Paraquate. O agrotóxico é usado em cultivos como o
de algodão, cana-de-açúcar, milho, café e banana, desde
a década de 1960. No Brasil está proibido desde 2020
Produção mundial de paraquat será encerrada
A crescente expansão de defensivos agrícolas genéricos no mercado global tem levado empresas do setor a revisar portfólios e estratégias industriais, priorizando tecnologias mais recentes e moléculas com maior potencial de inovação e retorno econômico. Nesse contexto, a Syngenta anunciou que encerrará até o final de junho a produção mundial do herbicida à base de paraquat, decisão resultante de uma revisão estratégica de ativos diante da ampliação da concorrência de fabricantes de versões genéricas em diversos países. No Brasil, o ingrediente ativo já não integra o portfólio agrícola desde 2020, quando seu uso foi proibido pela autoridade regulatória.

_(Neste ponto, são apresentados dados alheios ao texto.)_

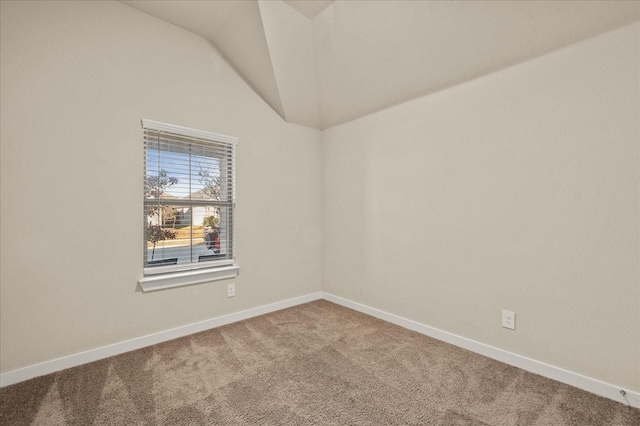 spare room featuring carpet floors and lofted ceiling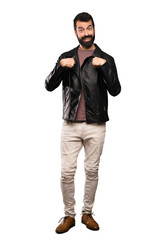 Fototapeta premium Handsome man with beard with surprise facial expression over isolated white background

Como parte do processo de descontinuação, a companhia iniciou a interrupção das atividades na unidade industrial de Huddersfield, no Reino Unido, que abriga a única planta global dedicada à produção do paraquat, além do encerramento de uma instalação menor de produção multiprodutos no mesmo complexo. Segundo a empresa, o local passará por avaliação para futuros investimentos voltados ao desenvolvimento e fabricação de soluções agrícolas mais avançadas, alinhadas às novas demandas de sustentabilidade e eficiência agronômica. Desenvolvido há mais de seis décadas pela Imperial Chemical Industries, o paraquat tornou-se amplamente utilizado no controle químico de plantas daninhas em diferentes sistemas produtivos, especialmente por meio do herbicida comercializado sob a marca Gramoxone. Atualmente, porém, o produto permanece ativo em poucos mercados e representa menos de 1% das vendas globais da Syngenta, refletindo a transição do setor para novas tecnologias de proteção de cultivos e gestão de resistência de plantas daninhas.
Acordo Mercosul-UE é aprovado pelo Senado
O Congresso Nacional concluiu a aprovação do acordo comercial entre o Mercosul e a União Europeia, encerrando um processo de negociação que se estendeu por mais de 25 anos e que resultará na formação de uma das maiores zonas de livre comércio do mundo. Após o aval da Câmara dos Deputados na semana anterior, o tratado recebeu aprovação unânime em votação simbólica no Senado Federal e segue agora para promulgação pelo Congresso e posterior processo de ratificação pelo Poder Executivo, etapa necessária para sua implementação. Durante a tramitação, a relatora no Senado, Tereza Cristina, destacou que a abertura comercial representa oportunidade estratégica para ampliar exportações do agronegócio brasileiro, mas ressaltou a importância da adoção de mecanismos de salvaguarda para proteger produtores nacionais diante da ampliação da concorrência internacional. Em resposta às negociações parlamentares, o governo federal publicou decreto com salvaguardas comerciais bilaterais, articuladas com o vice-presidente Geraldo Alckmin, também titular do Ministério do Desenvolvimento, Indústria, Comércio e Serviços. Na prática, esses instrumentos funcionam como mecanismos de defesa comercial, permitindo ao país elevar tarifas, restringir volumes importados ou suspender preferências tarifárias em situações de impacto relevante sobre a produção doméstica, oferecendo período de adaptação para setores produtivos sensíveis, especialmente no agronegócio. A aprovação do tratado marca um avanço estratégico na integração econômica entre América do Sul e Europa, com potencial para expandir fluxos comerciais, ampliar mercados para produtos agropecuários e fortalecer a competitividade internacional do agronegócio brasileiro.